If you get the Sky magazine, they sometimes put important information such as price increases on the cover sheet that comes with the magazine.  Not very wise, I know, since a lot of people don't even look at that sheet.  It was only by pure chance that I noticed the information about the latest price increase on a recent copy of the magazine.


----------



## Jay1981 (8 Dec 2009)

If you a buy a sky card for the uk will it work in Ireland?


----------



## Booter (8 Dec 2009)

Celtwytch said:


> If you get the Sky magazine, they sometimes put important information such as price increases on the cover sheet that comes with the magazine.  Not very wise, I know, since a lot of people don't even look at that sheet.  It was only by pure chance that I noticed the information about the latest price increase on a recent copy of the magazine.

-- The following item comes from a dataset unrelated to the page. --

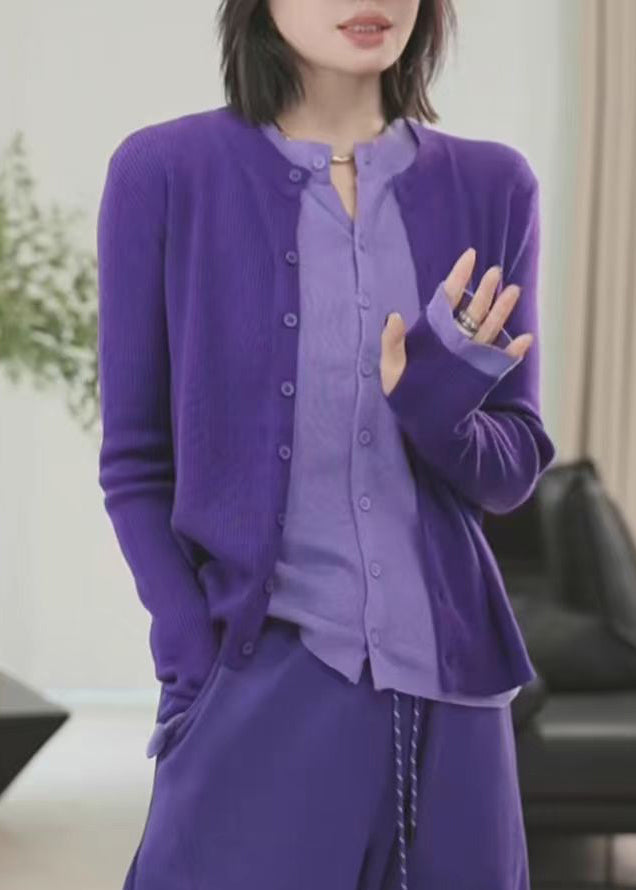 Effortlessly Elegant Sweater with a Timeless Design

That's true, they often sneak in really important stuff along with all the bumpf that comes with the magazine - which itself costs the subscriber something like €2.20 per month. Subscription to magazine is mandatory!


----------



## RMCF (10 Dec 2009)

Jay1981 said:


> If you a buy a sky card for the uk will it work in Ireland?



As someone who uses a UK card in RoI I can tell you its a bit of a pain.

Sky make it very awkward to move cards from box to box. Remember that your viewing card is tied to your Sky box. You can't take it out and put it in another machine. You have to call Sky to get a card changed to a different box, and they ask a lot of questions !!

So first you will need to get a UK address to get your viewing card posted to. And I think that the direct debit has to come from a UK registered bank account. Then its simply a matter of getting it tied to your box and it will work, no matter where you are in the world. 

I have mine through my sisters address in NI. However this means that she has to do any interaction with Sky should I have a problem. That can be a bit of a pain. Lucky I don't need to phone them too often.

And to get back to the title of the thread. The difference in the cost of Sky in RoI v NI is shocking given the exchange rate.


----------